In the course of the day several Indians came down to partake of our fresh meat; among the rest, three chiefs of the second Mandan village. They inform us that the Sioux on the Missouri above the Chayenne river, threaten to attack them this winter; that these Sioux are much irritated at the Ricaras for having made peace through our means with the Mandans, and have lately ill treated three Ricaras who carried the pipe of peace to them, by beating them and taking away their horses. We gave them assurances that we would protect them from all their enemies.
November 21st. The weather was this day fine: the river clear of ice and rising a little: we are now settled in our new winter habitation, and shall wait with much anxiety the first return of spring to continue our journey.
The villages near which we are established are five in number, and are the residence of three distinct nations: the Mandans, the Ahnahaways, and the Minnetarees. The history of the Mandans, as we received it from our interpreters and from the chiefs themselves, and as it is attested by existing monuments, illustrates more than that of any other nation the unsteady movements and the tottering fortunes of the American nations. Within the recollection of living witnesses, the Mandans were settled forty years ago in nine villages, the ruins of which we passed about eighty miles below, and situated seven on the west and two on the east side of the Missouri. The two finding themselves wasting away before the small-pox and the Sioux, united into one village, and moved up the river opposite to the Ricaras. The same causes reduced the remaining seven to five villages, till at length they emigrated in a body to the Ricara nation, where they formed themselves into two villages, and joined those of their countrymen who had gone before them. In their new residence they were still insecure, and at length the three villages ascended the Missouri to their present position. The two who had emigrated together still settled in the two villages on the northwest side of the Missouri, while the single village took a position on the southeast side. In this situation they were found by those who visited them in 1796; since which the two villages have united into one. They are now in two villages, one on the southeast of the Missouri, the other on the opposite side, and at the distance of three miles across. The first, in an open plain, contains about forty or fifty lodges, built in the same way as those of the Ricaras: the second, the same number, and both may raise about three hundred and fifty men.
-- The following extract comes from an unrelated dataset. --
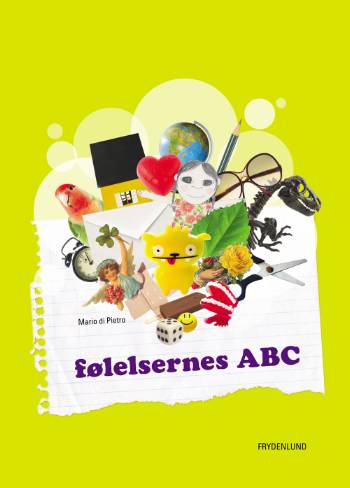 Følelsernes ABC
On the same side of the river, and at the distance of four miles from the lower Mandan village, is another called Mahaha. It is situated in a high plain at the mouth of Knife river, and is the residence of the Ahnahaways. This nation, whose name indicates that they were “people whose village is on a hill,” formerly resided on the Missouri, about thirty miles below where they now live. The Assiniboins and Sioux forced them to a spot five miles higher, where the greatest part of them were put to death, and the rest emigrated to their present situation, in order to obtain an assylum near the Minnetarees. They are called by the French, Soulier Noir or Shoe Indians; by the Mandans, Wattasoons, and their whole force is about fifty men.